Supplied material:
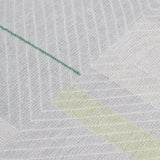 Detail of the Amelia Rug in Peridot featuring a minimalist broken stripe pattern, overlayed with thin white diagonal lines. The broken stripes are a mix of white, grey, and shades of yellow with kelly green accents, all on a light grey field. 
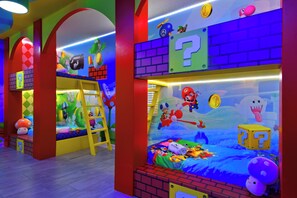 A children's playroom with colorful murals, bunk beds, and various toys. - Lakeview Home w/ Mario Game Room & Themed Bedrooms (Kissimmee)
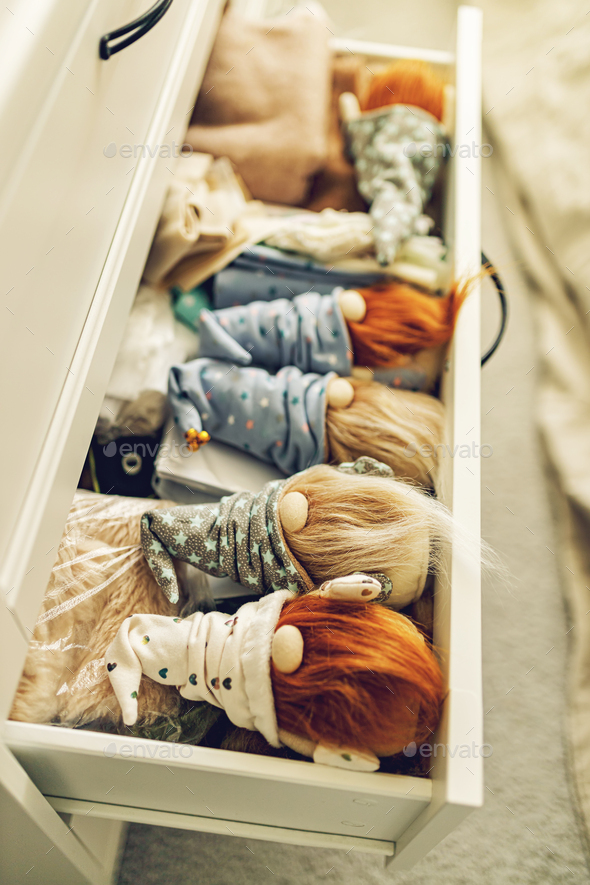 Bearded gnomes in caps lie in a chest of drawers. Handmade soft toy. Vertical shot. Soft focus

Directions:
Please restate the material above line by line, exactly, beginning at its first line and ending with the line that contains "A children's playroom", without any pictures.

Task result:
 Detail of the Amelia Rug in Peridot featuring a minimalist broken stripe pattern, overlayed with thin white diagonal lines. The broken stripes are a mix of white, grey, and shades of yellow with kelly green accents, all on a light grey field. 
 A children's playroom with colorful murals, bunk beds, and various toys. - Lakeview Home w/ Mario Game Room & Themed Bedrooms (Kissimmee)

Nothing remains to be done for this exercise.